Friday, April 27, 2007

April 27, 2007

Separating the fragments from the whole:

Thinking about how to care: the grape
vines planted a month ago, when
still there was frost in a world of hearts
of limited compassion. Immersed as I am
in the watery milieu of morning, cold river
against the skin; dawn’s high above
100 y/o oaks birds skim pale blue sky we are
mortal after all, what call is it
that draws my eyes up always? Each morning
from the azure there comes no harm…canon
of surrealist catechism. Hydrangeas burnt
back by those cold and heartless dawns
indifferent to blue, iced, now green-up new
shoots. I bang the uprights two feet
into clay to string the wire branches
will follow purple Concord, red, green remembering
melted paraffin poured all those years ago
on top of jelly made from grapes the wasps
left us.

Thursday, April 26, 2007

April 26, 2007

On the breeze last week came the scent of irises. (The scent … is one of the most complex and elusive, weaving in metallic violets and snow covered roots. It is a melancholy fragrance by its nature.) Now sitting out in the dark morning, the gentle breeze plays bar keep and mixes its aromas, raises the possibilities, metallic, rooty iris with the cinnamon fruity-damask of the Lilian Austin rose in all its labial salmon.

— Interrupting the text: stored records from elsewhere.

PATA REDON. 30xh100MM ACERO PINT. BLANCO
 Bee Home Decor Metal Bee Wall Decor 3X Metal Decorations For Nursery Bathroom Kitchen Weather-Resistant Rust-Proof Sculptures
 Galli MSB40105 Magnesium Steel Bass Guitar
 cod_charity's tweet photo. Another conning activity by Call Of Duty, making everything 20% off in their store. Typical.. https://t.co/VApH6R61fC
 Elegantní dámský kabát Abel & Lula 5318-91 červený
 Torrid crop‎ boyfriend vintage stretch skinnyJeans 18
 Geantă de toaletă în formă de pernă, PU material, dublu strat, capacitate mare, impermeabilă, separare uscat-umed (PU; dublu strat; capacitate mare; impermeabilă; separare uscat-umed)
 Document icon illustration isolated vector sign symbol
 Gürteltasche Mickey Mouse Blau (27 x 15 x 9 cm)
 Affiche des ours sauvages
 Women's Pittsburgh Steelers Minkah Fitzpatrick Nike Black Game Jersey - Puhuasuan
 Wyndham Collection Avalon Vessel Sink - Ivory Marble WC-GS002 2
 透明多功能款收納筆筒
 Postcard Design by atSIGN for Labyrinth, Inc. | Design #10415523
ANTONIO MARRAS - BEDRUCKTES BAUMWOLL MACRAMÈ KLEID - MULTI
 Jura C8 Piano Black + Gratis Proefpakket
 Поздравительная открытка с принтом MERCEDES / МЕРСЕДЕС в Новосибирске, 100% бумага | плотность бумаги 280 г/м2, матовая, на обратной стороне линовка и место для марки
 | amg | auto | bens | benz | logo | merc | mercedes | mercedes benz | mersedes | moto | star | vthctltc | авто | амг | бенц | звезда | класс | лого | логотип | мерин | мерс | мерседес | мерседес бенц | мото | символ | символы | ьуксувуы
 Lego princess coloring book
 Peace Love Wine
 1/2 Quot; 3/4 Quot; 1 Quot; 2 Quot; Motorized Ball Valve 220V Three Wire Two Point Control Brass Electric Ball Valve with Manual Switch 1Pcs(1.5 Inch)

The complex of morning began within this complexity of fragrance and a Marguerite Duras story about an ancient woman from Bugue on the Vezere River. Then having completed the morning’s ablutions and other nurturing chores such as misting the Bonsai and orchids, I felt an upward call. And so with the birds I recited the prayers reading: Mene mene tekel parsin: You have been weighed in the balances and found wanting. It is a verdict worthy of most all.

The weight of things, men with failing livers in hospital beds, others with severe pains in places of dishonor consequent to treatments for deadly diseases, women with Alzheimer’s, deployed soldiers: the demands of saying you are in my prayers, the vertiginous, the muscular, and the precarious walk across the velvet bridge where everyone feels compassion for others entangled in the flesh.